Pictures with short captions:
►

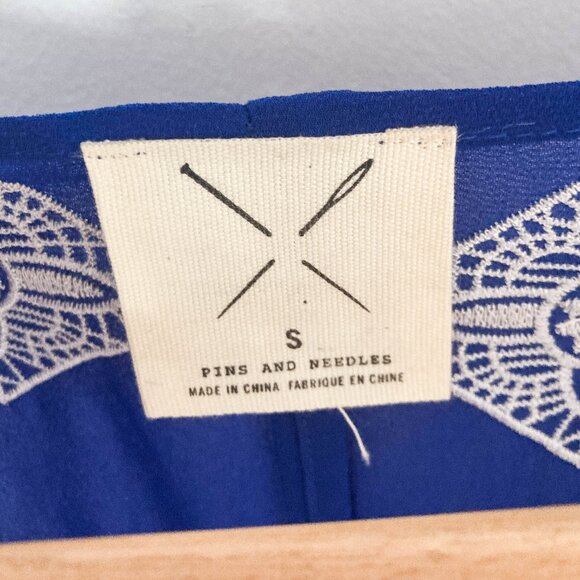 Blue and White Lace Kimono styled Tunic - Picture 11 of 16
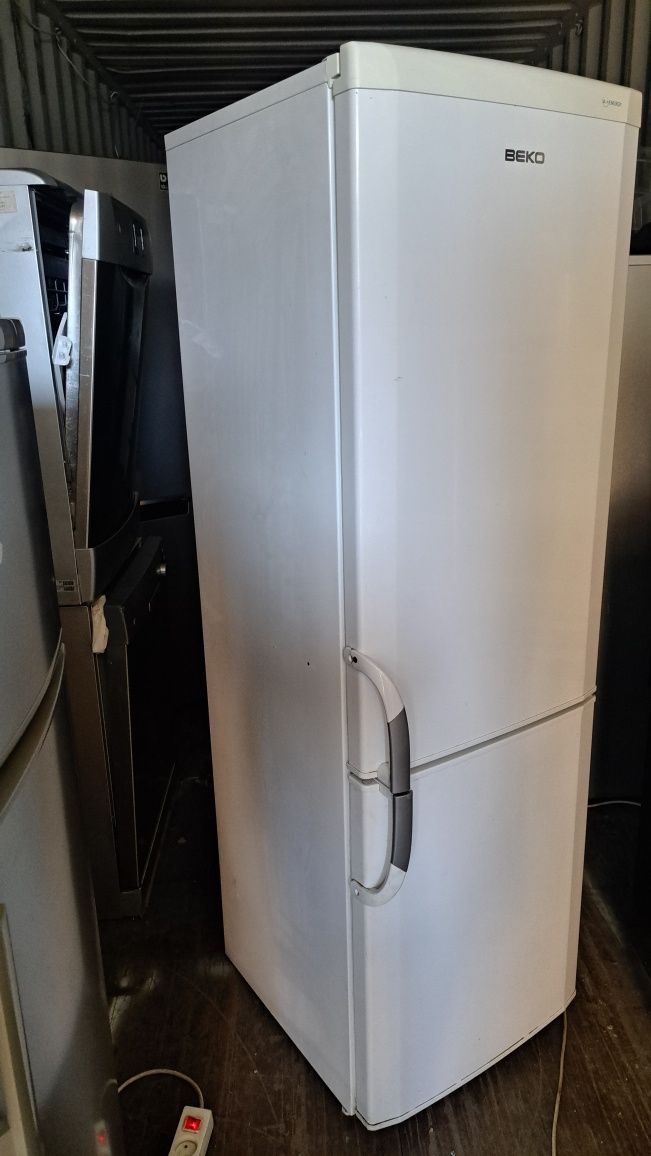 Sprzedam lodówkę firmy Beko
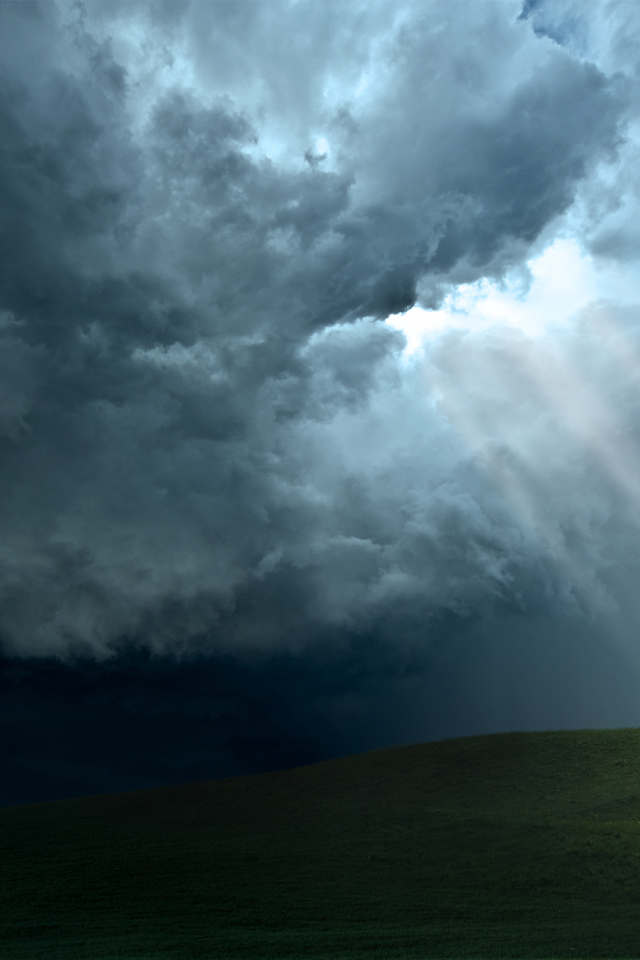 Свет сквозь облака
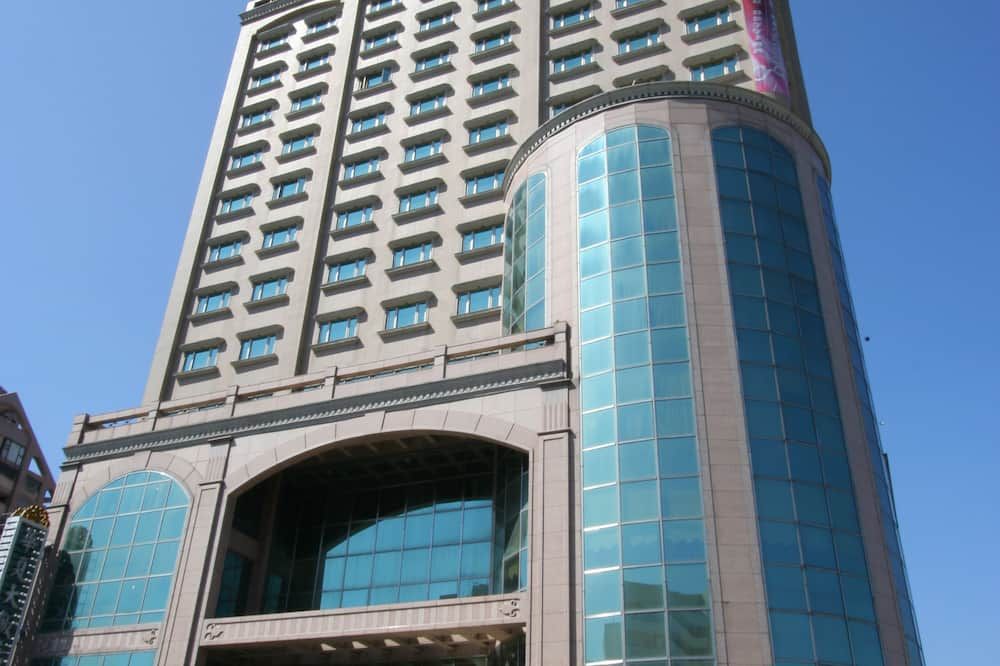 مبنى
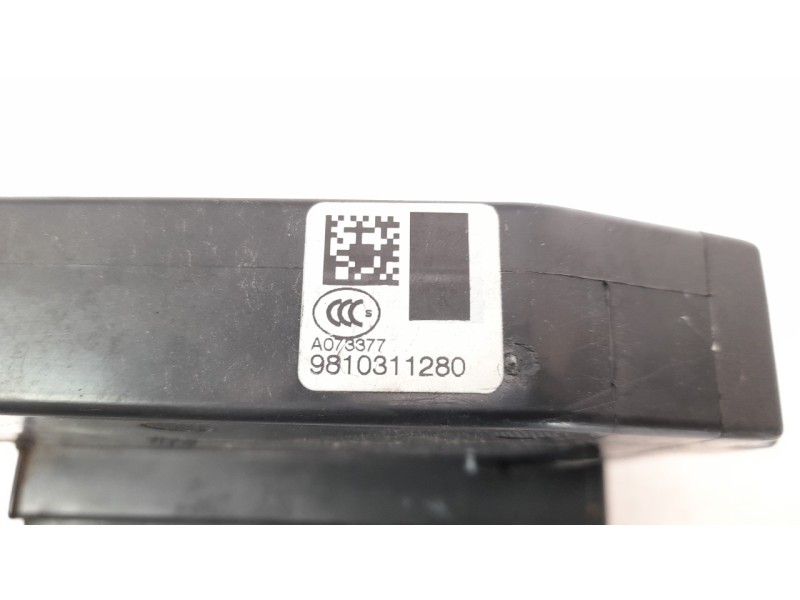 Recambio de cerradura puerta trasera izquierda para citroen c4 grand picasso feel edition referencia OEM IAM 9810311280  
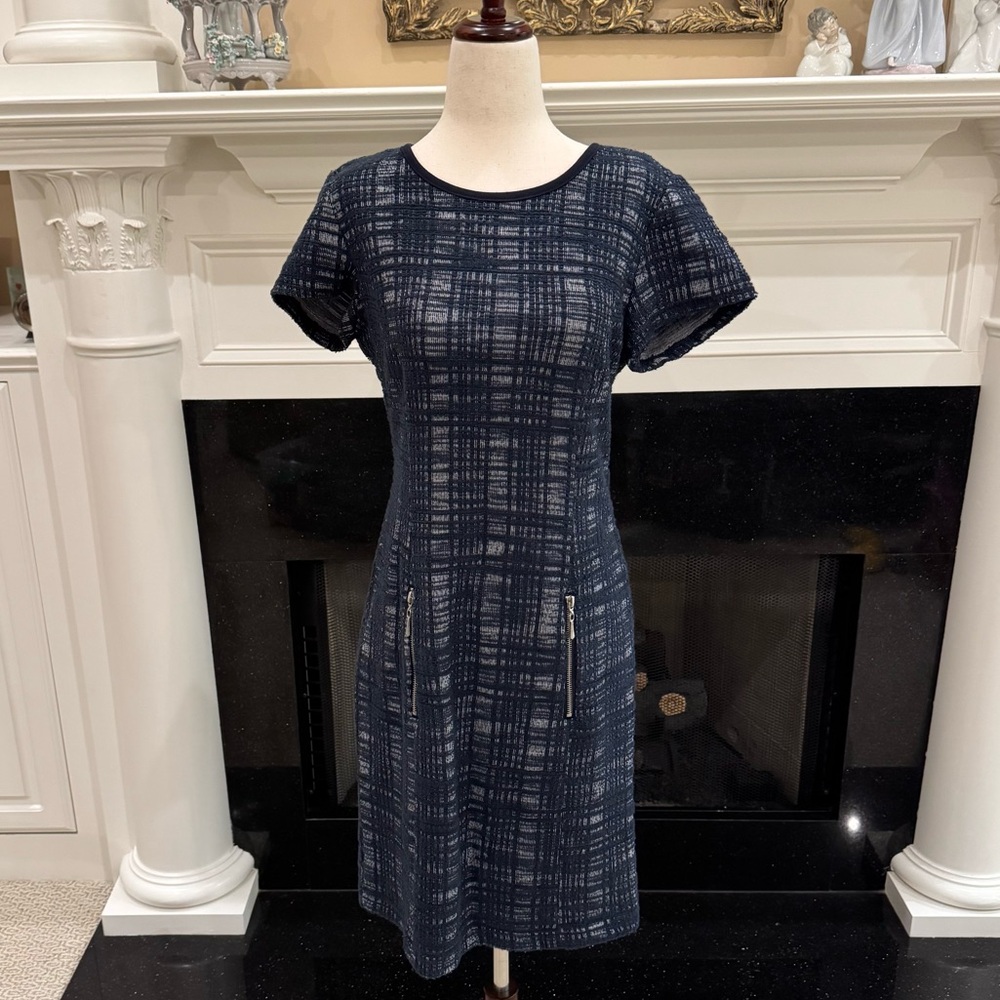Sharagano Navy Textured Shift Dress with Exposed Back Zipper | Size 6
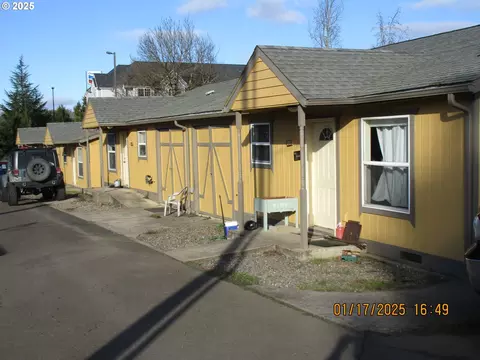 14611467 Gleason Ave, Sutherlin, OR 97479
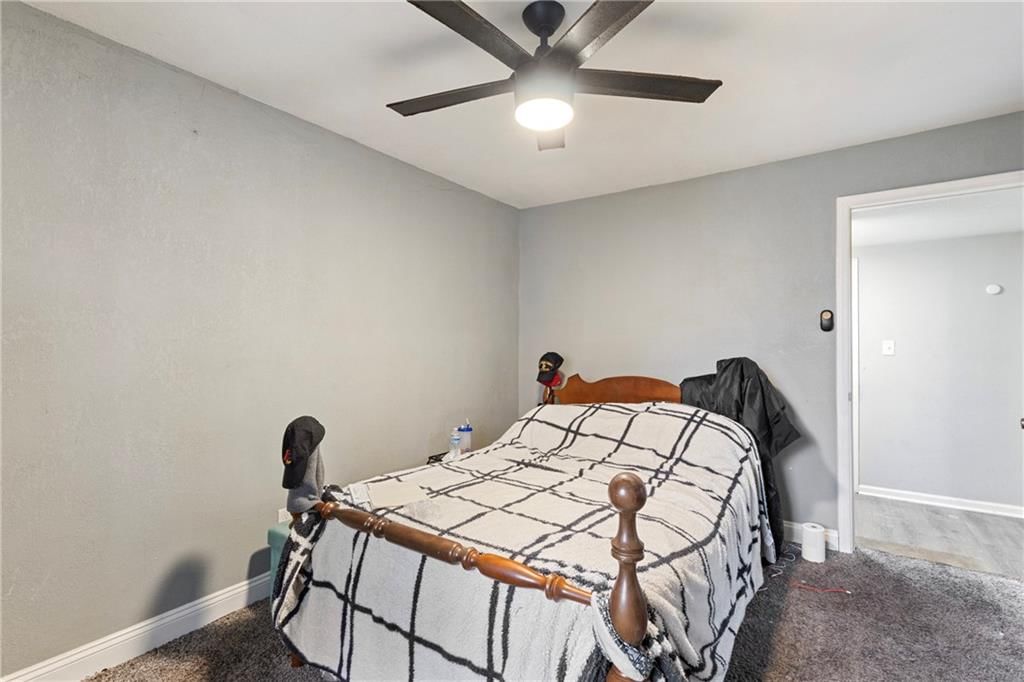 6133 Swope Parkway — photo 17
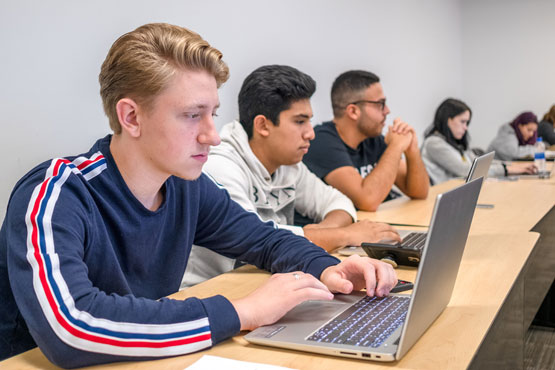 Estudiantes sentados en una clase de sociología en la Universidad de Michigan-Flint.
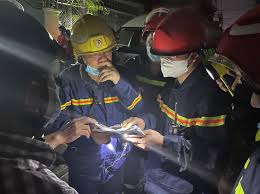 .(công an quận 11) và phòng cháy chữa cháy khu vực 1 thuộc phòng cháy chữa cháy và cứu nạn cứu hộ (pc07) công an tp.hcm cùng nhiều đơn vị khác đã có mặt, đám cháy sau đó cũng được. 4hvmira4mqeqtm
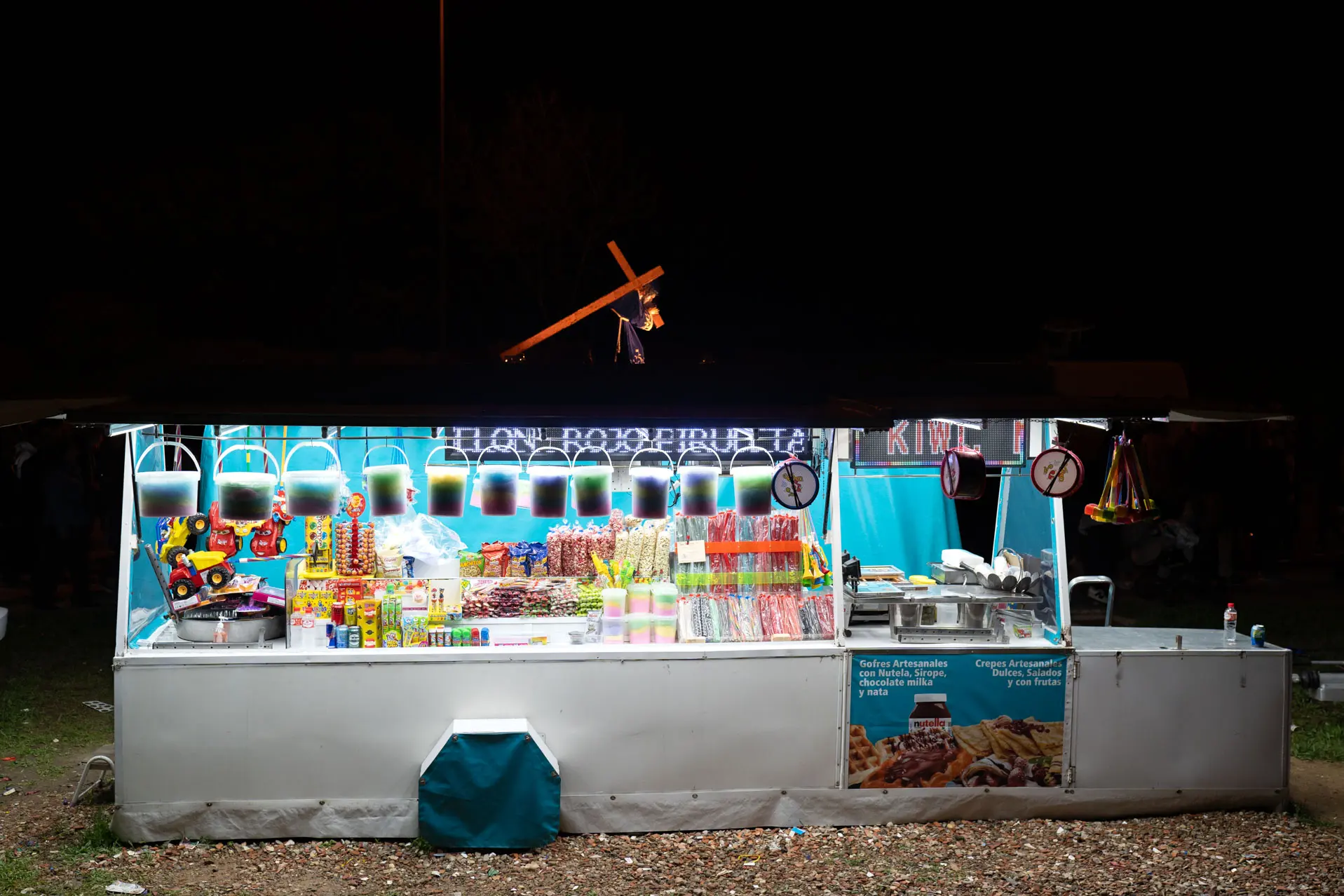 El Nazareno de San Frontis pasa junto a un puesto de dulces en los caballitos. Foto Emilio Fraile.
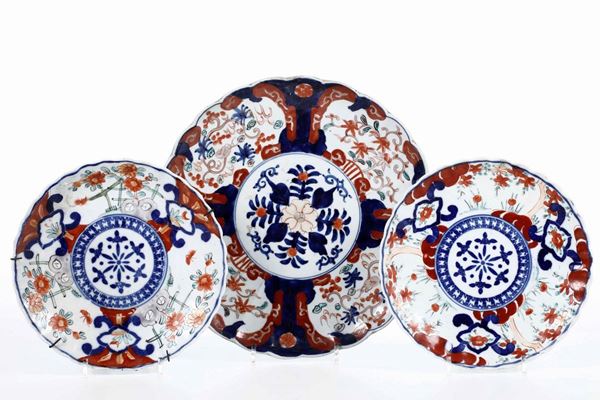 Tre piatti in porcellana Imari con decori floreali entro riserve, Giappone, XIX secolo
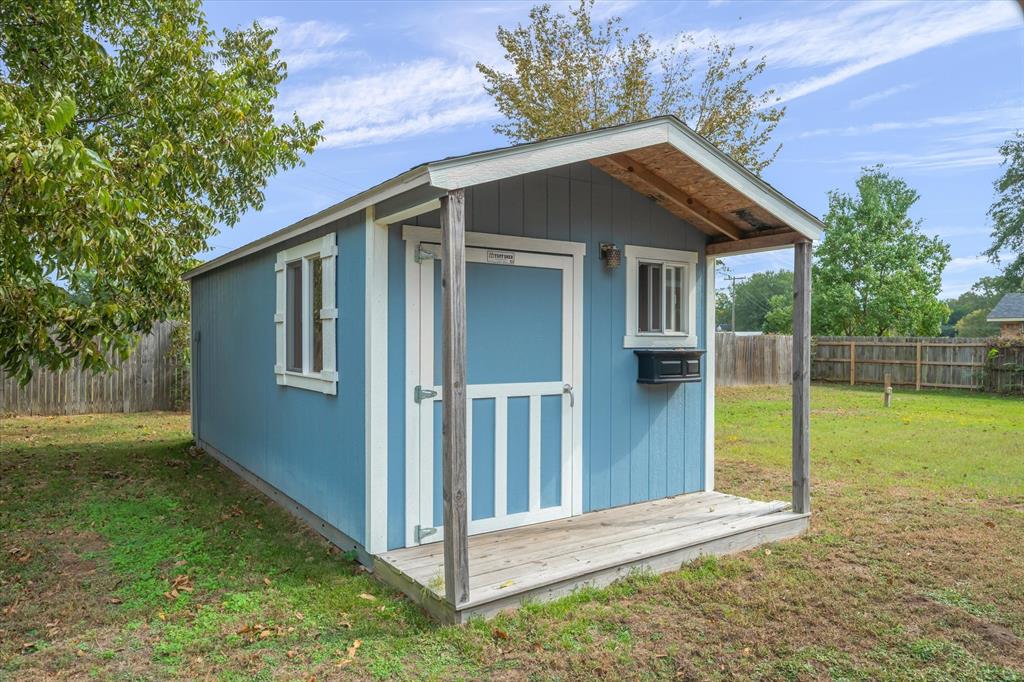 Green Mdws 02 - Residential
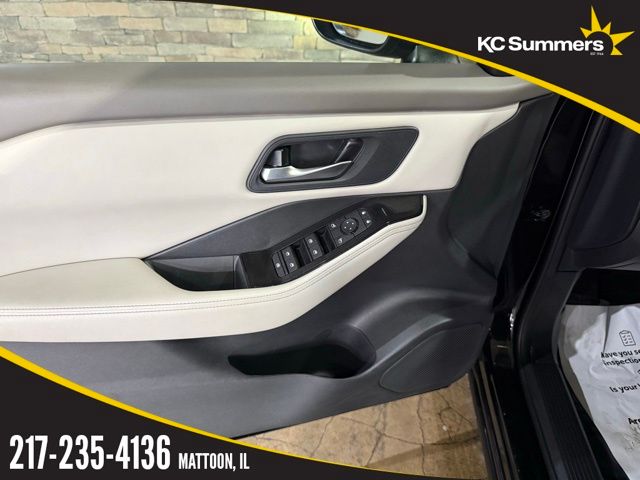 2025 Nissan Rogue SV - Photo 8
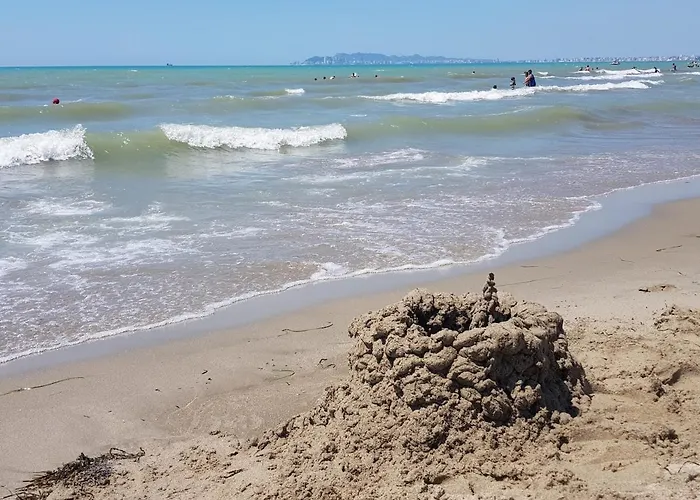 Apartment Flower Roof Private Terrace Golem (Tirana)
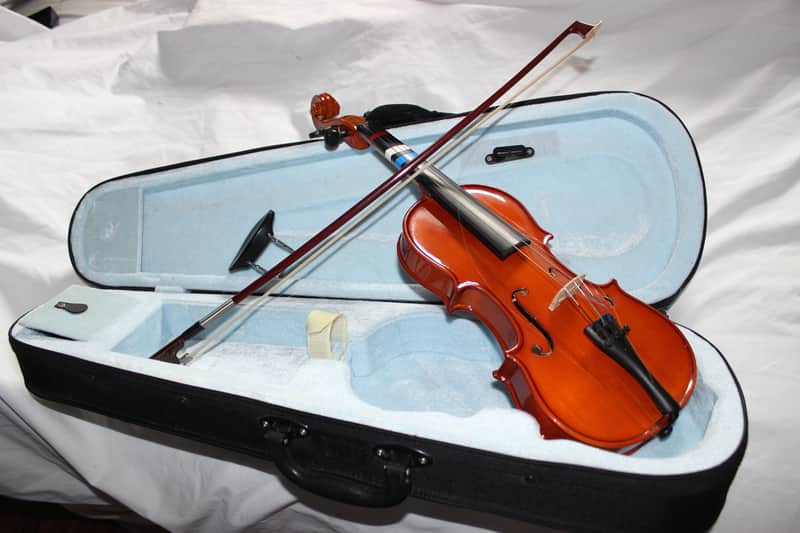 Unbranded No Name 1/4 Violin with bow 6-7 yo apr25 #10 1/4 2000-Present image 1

◄

The copy you give must repeat each record character for character, but it must not include the pictures.

 Blue and White Lace Kimono styled Tunic - Picture 11 of 16
 Sprzedam lodówkę firmy Beko
 Свет сквозь облака
 مبنى
 Recambio de cerradura puerta trasera izquierda para citroen c4 grand picasso feel edition referencia OEM IAM 9810311280  
Sharagano Navy Textured Shift Dress with Exposed Back Zipper | Size 6
 14611467 Gleason Ave, Sutherlin, OR 97479
 6133 Swope Parkway — photo 17
 Estudiantes sentados en una clase de sociología en la Universidad de Michigan-Flint.
 .(công an quận 11) và phòng cháy chữa cháy khu vực 1 thuộc phòng cháy chữa cháy và cứu nạn cứu hộ (pc07) công an tp.hcm cùng nhiều đơn vị khác đã có mặt, đám cháy sau đó cũng được. 4hvmira4mqeqtm
 El Nazareno de San Frontis pasa junto a un puesto de dulces en los caballitos. Foto Emilio Fraile.
 Tre piatti in porcellana Imari con decori floreali entro riserve, Giappone, XIX secolo
 Green Mdws 02 - Residential
 2025 Nissan Rogue SV - Photo 8
 Apartment Flower Roof Private Terrace Golem (Tirana)
 Unbranded No Name 1/4 Violin with bow 6-7 yo apr25 #10 1/4 2000-Present image 1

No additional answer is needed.